Elle grogne, se tortille, comme un petit animal.

Je suis effrayée par ses besoins incessants, la constante disponibilité qu’elle exige. 

Alors, une nouvelle fois, j’oublie le mal de dos, mon manque de sommeil et ma poitrine douloureuse.

Une nouvelle fois, je prends ce petit paquet braillard, pas plus gros qu’un « cochon de lait, rose et savoureux » (Colette)

Une nouvelle fois, l’installer pour la tétée, plonger mon regard dans le sien.

Et là, comme à chaque fois, laisser le miracle s’accomplir.

J’écoute ses petits bruits de déglutition, je sens ses doigts minuscules s’accrocher au t-shirt, ses pieds miniatures battre un rythme imaginaire.

J’admire la perfection de ses paupières de nacre, le dessin de ses cheveux, le léger duvet blanc de ses oreilles ourlées, l’exquise justesse de ses touts petits ongles.

Après la tétée, je marche doucement dans la chambre, en la tenant contre moi pour une valse au ralenti.

Il est 4 heures du matin, pas une lumière ne filtre par le rideau, et même le chat dort du sommeil du juste.  

J’embrasse sa tête trop chaude, me saoule de son odeur, écoute la musique de ses petits bruits de contentement. Je guette les grands sourires qu’elle adresse le plus souvent au mur derrière moi, mais que mon cœur reçoit comme un présent personnalisé.

Souvent, je me couche en chien de fusil et la place face à moi, sa petite joue contre le drap.

Ses yeux encore bleus de chaton nouveau-né se transforment alors en deux billes sombres qui semblent renfermer tous les mystères de l’univers.

La chaleur que nos deux corps produit est à peine ventilée par les petits battements de ses mains, les mouvements incontrôlés de ses bras potelés et de ses jambes de grenouille.

Elle me regarde avec l’intensité d’un amant au premier soir d’une nuit trop attendue.

Alors. 

Une forteresse d’amour monte lentement entre nous, englobe son père qui dort paisiblement à nos côtés, inonde la chambre, submerge le quartier et toute la ville alentour.

Nous vibrons à l’unisson. 

Je suis tout à elle, elle est toute à moi.

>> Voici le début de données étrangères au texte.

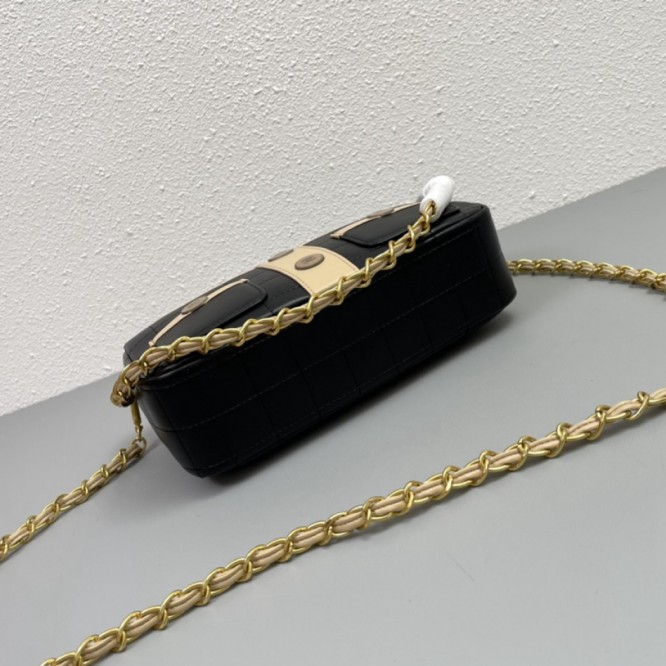 【CHANEL】 フラップバッグ ラムスキン ク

A nous deux, nous devenons indestructibles.

Commentaires

1. Le lundi, 1 novembre 2010, 09:49 par clem

ta description est sublime et si juste.
Ta petite Rose...
j'ai hâte de la revoir!

2. Le lundi, 1 novembre 2010, 13:57 par Oxygène

Sublime ! C'est le mot qui convient.

3. Le mardi, 2 novembre 2010, 05:40 par Valérie de Haute Savoie

oui tu parles très joliment de ce lien qui se tisse.

Mais je suis désolée de lire que tu as si mal au dos.

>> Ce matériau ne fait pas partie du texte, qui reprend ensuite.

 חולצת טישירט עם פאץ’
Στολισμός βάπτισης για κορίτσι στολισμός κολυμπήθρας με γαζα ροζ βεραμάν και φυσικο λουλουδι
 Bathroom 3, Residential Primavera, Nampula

4. Le mardi, 2 novembre 2010, 07:28 par captaine lili

La maternité te fait écrire joliment, particulièrement joliment...

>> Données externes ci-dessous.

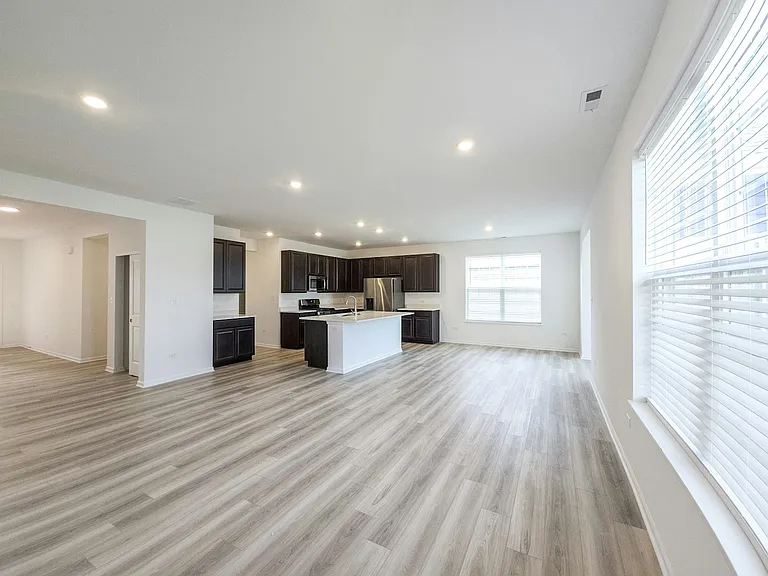 11087 Thomas St — Photo 4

5. Le mardi, 2 novembre 2010, 08:04 par Anne

Souvenirs, souvenirs...

6. Le mardi, 2 novembre 2010, 10:38 par Marloute

Clem : ça me fait plaisir de lire sous ta plume que c'est juste. Je me sens moins seule!
Oxygène merci!
Valérie : en effet, un dos pas musclé pendant la grossesse est un dos qui n'est pas plus musclé après! Mais bon, si je me repose beaucoup, ça va!
Capitaine : merci!
Anne : oui, je crois que c'est le texte de toutes les mamans de nouveaux-nés!

7. Le jeudi, 4 novembre 2010, 20:13 par clara

Ton texte est vraiment magnifique...Il exprime des sentiments que j'avais du mal à décrire pour mon premier bébé...et qui me donnent du courage pour "affronter" les premiers mois du deuxième qui arrive bientôt! Je trouve que tu te débrouilles déjà parfaitement pour gérer les bonheurs et les frustrations des toutes jeunes mamans...Pleins de bonheurs à vous!